NF1 is due to gene mutation of proximal long arm of chromosome 17 that encodes neurofibromin, a ubiquitously expressed protein, which functions as a RAS-GTPase Activating Protein (RAS-GAP), a negative regulator of RAS activity [3]. Neurofibromin deficiency leads to increased RAS signaling which is believed to cause NF1. Mutation in neurofibromas gene is also detected in about 30% of all cancers [5]. The disease may affect cellular proliferation, differentiation and survival rate. Issues of relevant interest concern the association with developmental anomalies, tumors development both benign and malignant, specific complications due to the disease and the possible effects on senescence [6]. NF1 is usually fully penetrant by age 5 and most adults with NF1 have been clinically diagnosed in childhood by NIH consensus criteria but in some cases molecular study may be necessary [7]. There is a high variability in clinical expressions and the outcome of the disease is unpredictability, even within family members, because phenotype-genotype correlation is possible only in a small percentage of cases.

Many factors have ameliorated prognosis for individual with NF1: higher knowledges and awareness on the disease, early diagnosis, better clinical counseling in reference centers, appropriate surveillance of symptoms, early surgical therapy in growing neurofibromas and better cosmetic treatment [3].

There is an 8-15 years reduction in average life expectancy and malignancies and cardiovascular disease are the most frequent causes of death [8,9]. On 2,467 Danish patients with NF1 diagnosis, nerve and peripheral ganglia disease, pneumonia, epilepsy, bone and joint disorders, and intestinal infections were major contributors to the excess disease burden due to the disease [10]. Non-tumor symptoms contribute significantly to morbidity especially in relation to size, location of tumor/s and growth velocity that is unpredictable with possible compression on adjacent tissues. Many different tumors, both benign and more rarely malignant, have been described in patients with NF1 [3]. Neurofibromas arise due to bi-allelic inactivation of the NF1 gene in a subpopulation of Schwann cells and may be cutaneous, subcutaneous, nodular or diffuse plexiform, spinal and atypical neurofibromatosis neoplasms of uncertain biologic potential [11]. Cutaneous neurofibromas represent the hallmark of the disease evident in almost all adult patients and are associated with single nerve endings [11]. Neurofibromas continues to increase in number with advancing age with period of rapid growth during puberty and pregnancy. Cutaneous neurofibromas may cause tenderness, bleeding, itching, and severe negative effects on Quality of Life (QoL), although they do not appear to undergo malignant degeneration [12]. Subcutaneous neurofibromas are diagnosed on palpation. Mostly diffuse plexiform neurofibromas are congenital, arise and grow along length multiple fascicles of the nerve in the first ten years of life and then become relatively stable [13]. They are bigger than cutaneous neurofibromas, may cause compression or be very debilitating if their overgrowth involves significantly limbs or body segments because major disfigurement. Furthermore, neural involvement may be painful. Early surgery and complex treatments may be requested when growing neurofibromas becomes destructive or they are associated with major disfigurement.
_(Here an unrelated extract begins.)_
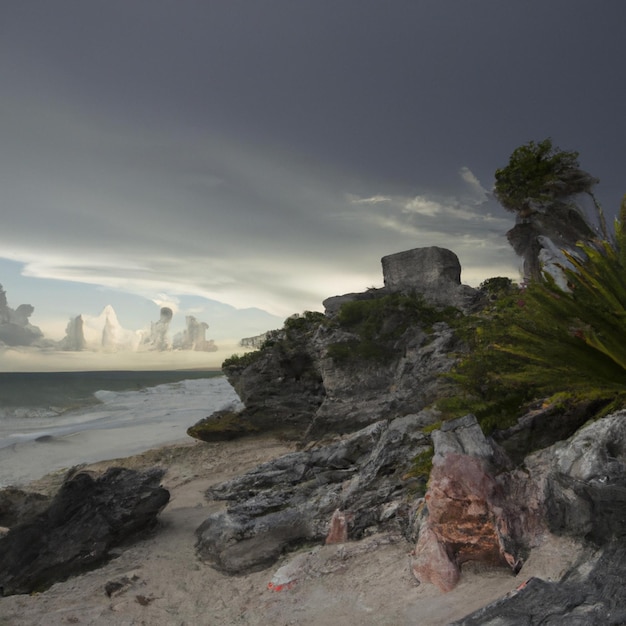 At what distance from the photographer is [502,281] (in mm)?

Overall neurofibromas are present in 30-50% of NF1 patients on clinical examination, but the incidence is higher on MRI in young NF1 adults [14]. 4-15% of NF1 patients develops malignant degeneration during their life, with a latency of 10-20 years, 80% arising from plexiform neurofibromas (MPNST), mostly before 39 years of age [15,16]. Growth of plexiform neurofibromas especially after the first decade of life may be malignant, but magnetic resonance imaging cannot always distinguish benign from malignant tumor [17]. It is necessary to take multiple biopsies to increase the probability of detecting a MPNST. The malignancies carry a poor prognosis with five-year survival rates around 16%.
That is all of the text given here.